[Web page caption snippets]
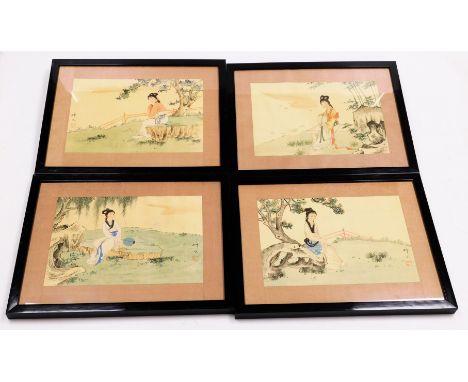 Chinese School (19thC). Ladies in contemplation in a garden, watercolours on silk, signed with seal marks, 21.5cm x 31.5cm. (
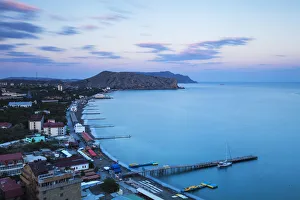Ukraine, Crimea, Sudak View of city and Black Sea coast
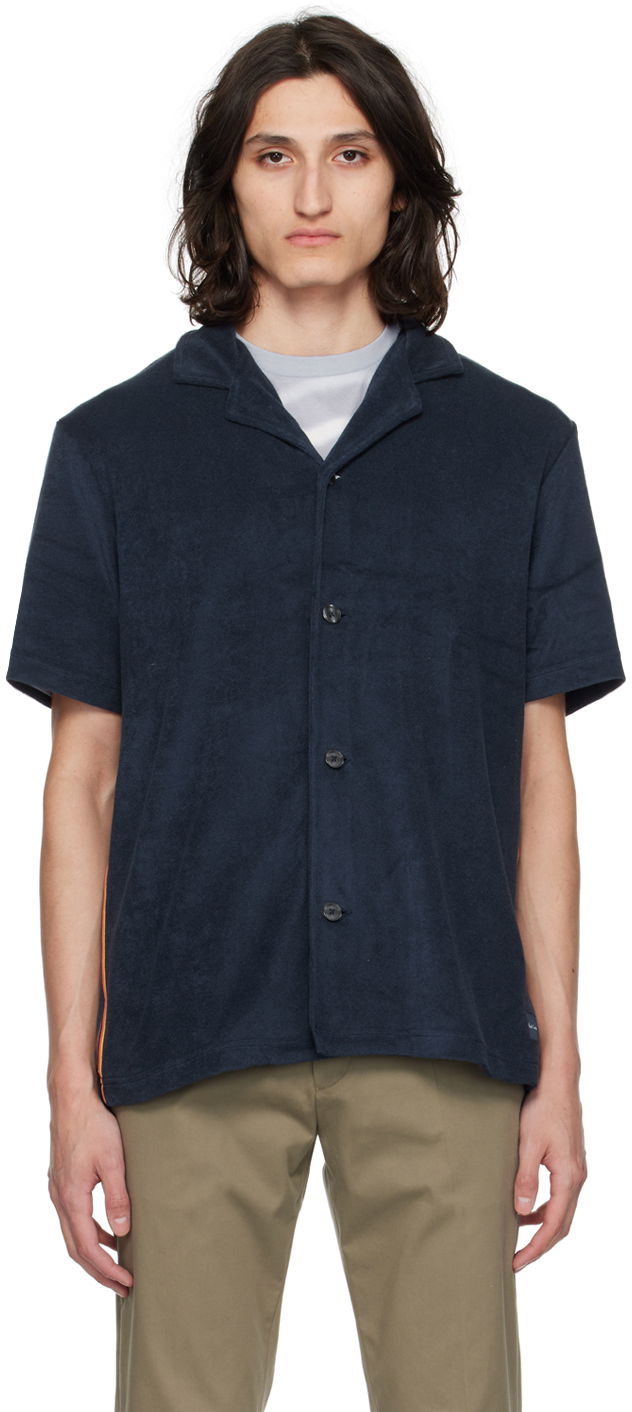 Skjorte Paul Smith Paul Smith Artist Stripe Resort Shirt Mørkeblå | M1A-594-MU477-48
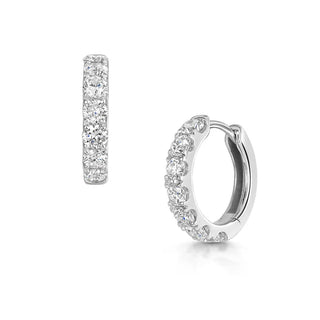 18ct White Gold 1ct Lab-Grown Diamond Huggie Hoops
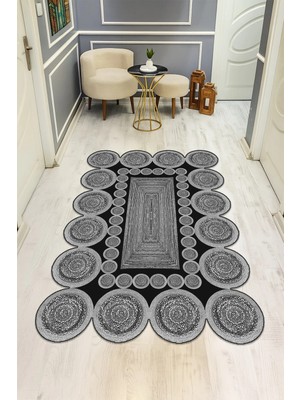 Dolce Mariee Modern Desenli Lazer Kesim Dijital Baskı Kaymaz Taban Halı H0439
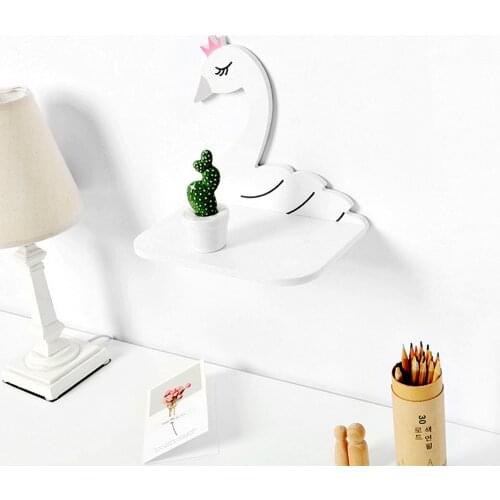 Nordic Creative Shelf Swan Storage Shelf Wall Hanging Cloud Hook Storage Rack Bedroom Book Shelf Home Kids Room DIY Decor Gifts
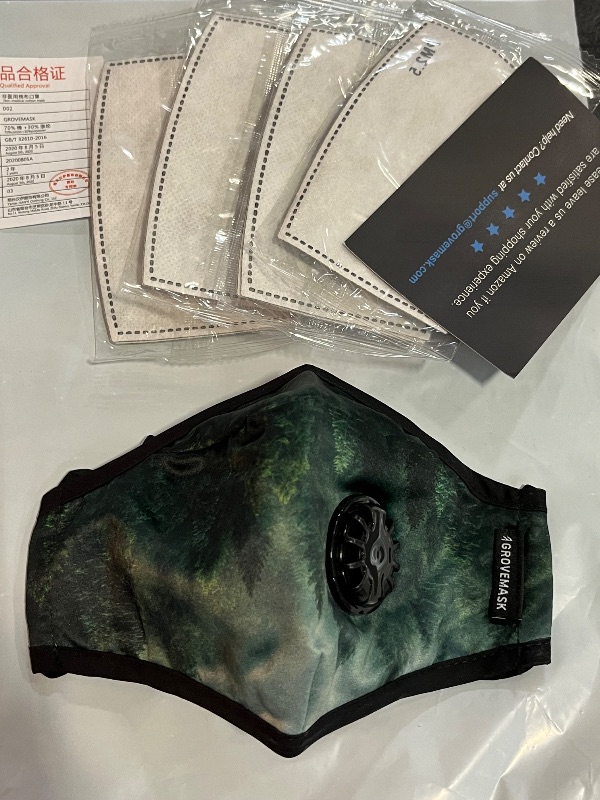 Photo 1 of Different Pattern** Grove Mask Face Mask w/ 7X PM2.5 Filters - Reusable Cloth Face Mask for Pollen, Smoke, Dust, Allergens - Perfect for Cycling, Running, Training, Motorcycle

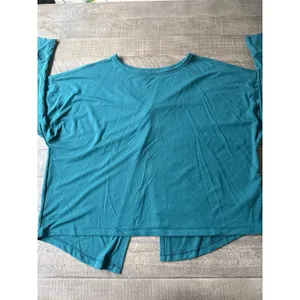 Old Navy Women's Teal Lightweight French Terry‎ Split-Back Sweatshirt Size XL thumbnail 3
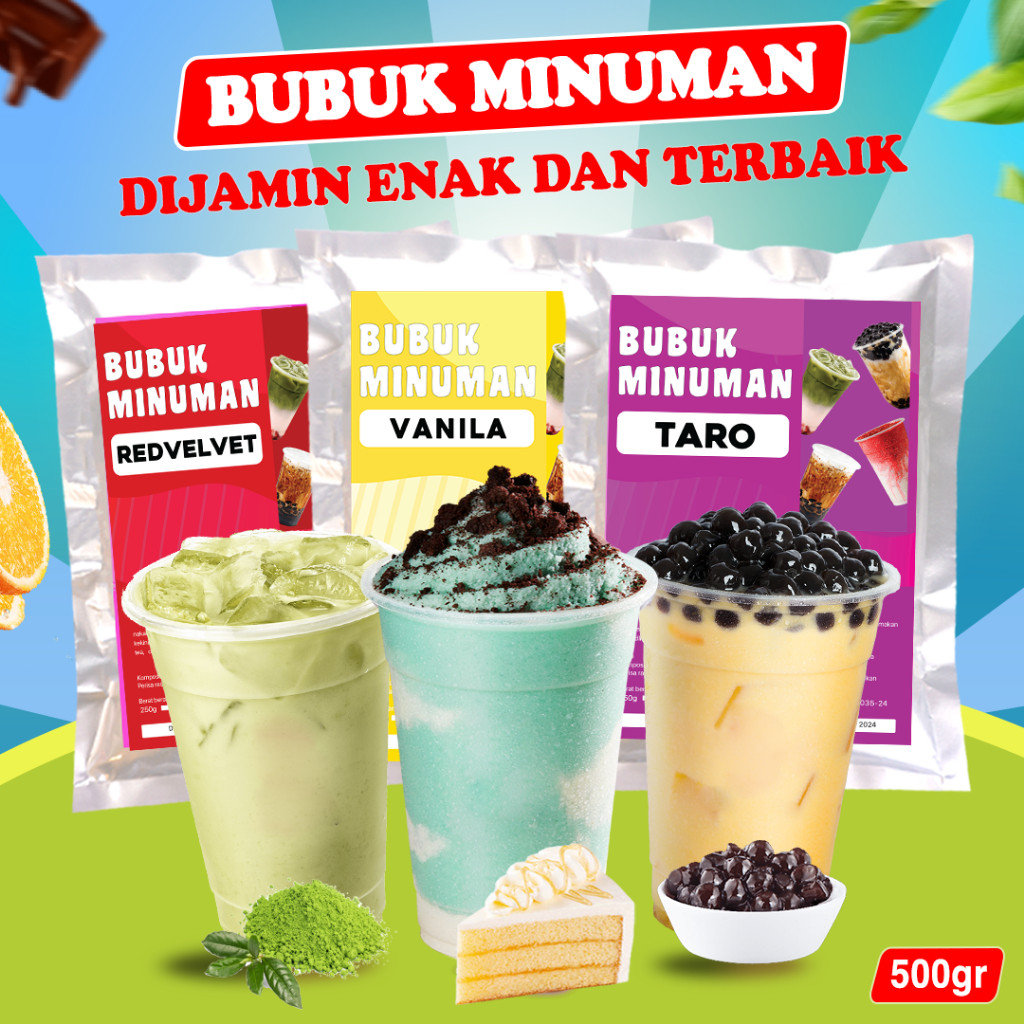 

BUBUK MINUMAN RASA / BUBUK MINUMAN KEKINIAN / BUBUK MINUMAN RASA 500GR / SERBUK MINUMAN RASA 500GR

Problem details: Each entry above is to be duplicated exactly, and its pictures omitted.

Answer area:
 Chinese School (19thC). Ladies in contemplation in a garden, watercolours on silk, signed with seal marks, 21.5cm x 31.5cm. (
Ukraine, Crimea, Sudak View of city and Black Sea coast
 Skjorte Paul Smith Paul Smith Artist Stripe Resort Shirt Mørkeblå | M1A-594-MU477-48
 18ct White Gold 1ct Lab-Grown Diamond Huggie Hoops
 Dolce Mariee Modern Desenli Lazer Kesim Dijital Baskı Kaymaz Taban Halı H0439
 Nordic Creative Shelf Swan Storage Shelf Wall Hanging Cloud Hook Storage Rack Bedroom Book Shelf Home Kids Room DIY Decor Gifts
 Photo 1 of Different Pattern** Grove Mask Face Mask w/ 7X PM2.5 Filters - Reusable Cloth Face Mask for Pollen, Smoke, Dust, Allergens - Perfect for Cycling, Running, Training, Motorcycle

 Old Navy Women's Teal Lightweight French Terry‎ Split-Back Sweatshirt Size XL thumbnail 3

BUBUK MINUMAN RASA / BUBUK MINUMAN KEKINIAN / BUBUK MINUMAN RASA 500GR / SERBUK MINUMAN RASA 500GR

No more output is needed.